While in church, the preacher, who I perceived as the closest man to God in the room, told me that if I, a 7-year-old, sinned, then I was going to hell. This has always concerned me. I’m a child going to hell because of my sins? But the most important teaching from the Bible is that God loves us, and forgives us. Why would God be so vengeful as to send me — his creation that he loves so much that he sent his only begotten son to die on a cross — to hell for doing something wrong?
Some of my deepest conversations happen while I’m lying in my bed at 2 a.m., talking in the PlayStation voice chat. One night, I talked with two of my closest friends, Mike and Gabe, and like most nights, Gabe brings up religion to Mike, who recently converted to Catholicism. Gabe is looking for a religion and Mike isn’t necessarily courting him to Catholicism, but is telling the history of the religion and how it is rooted in the Biblical stories that relate to God.
Gabe brings up the killing of the Canaanites — a story in the Bible in which God commanded the people of Israel — his people — to attack the nation of the Canaanites. Killing, along with other violent actions, don’t exactly correlate to the rest of God’s teachings. So, Gabe asks about the morality of these actions and why God in the Bible commanded his creation to kill other elements of his creation. Mike responded, saying that God is infallible and his morality is what the morality should be.
I then chimed in and asked, “Well if God directs people to kill, and even if the killing was in the name of the Lord, and I disagree with those commands, then what would happen?”
“Then you’d be labeled an apostate,” Mike said.
Apostasy is considered a serious offense against God. Yet because of my morality of not wanting to kill other humans, I would be labeled as an apostate; a sinner.
Like the preacher who told a 7-year-old me that I was going to hell if I sinned, this discussion has resonated with me for years.
I wonder, “What kind of god is God?”
Is he a loving god? A hateful god? Is there a god?
I do not have an answer to any of those questions. But I do cling to my morals.
As Mike and Gabe continued their deep discussion about the stories and theories of morality of religion, I wondered, “Why do you need to research to find religion?”
I’m not saying that one shouldn’t study and look into a religion to follow it or not. But why in search of religion — which is meant to be the moral compass that people have lived, died and in some cases hope to live again for — have to come out of a book? It should be something that one feels, something that moves and pushes one to be better. Something that gives one comfort and answers.
According to The Pew Research Center, in 2021 29% of Americans identify as religious “nones.” I wouldn’t describe that as me. I don’t run from confronting religion, but at the same time I don’t think that I am “not religious.” I am comfortable with my stance in time. I do not feel I need to go out in search of a book that tells me I’m going to be damned for eternity, because I don’t think that’s true. I don’t have many questions, but I also don’t have answers.
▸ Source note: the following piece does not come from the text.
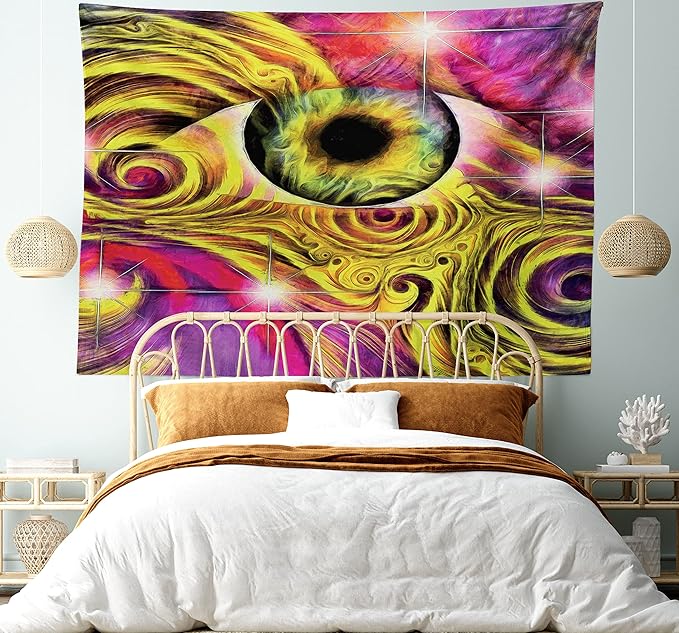 Ambesonne Psychedelic Tapestry, Hippie Hallucinatory Eye in Vivid Colors with Optical Swirl Lines Graphic, Fabric Wall Hanging Decor for Bedroom Living Room Dorm, 45" X 30", Fuchsia Yellow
I don’t know what happens when we die. I don’t know how we came to live on a planet that materialized out of an explosion to give us the most habitable conditions. And out of all the world religions, I don’t know which one, if any, are right.
What I do know is that I am alive, I have love and I am me. I know right from wrong, have strong morals and show compassion to others. I know I would turn down a request to murder other people, even if that request came from God.
Call me a sinner or call me an apostate, but I know that I’m enough.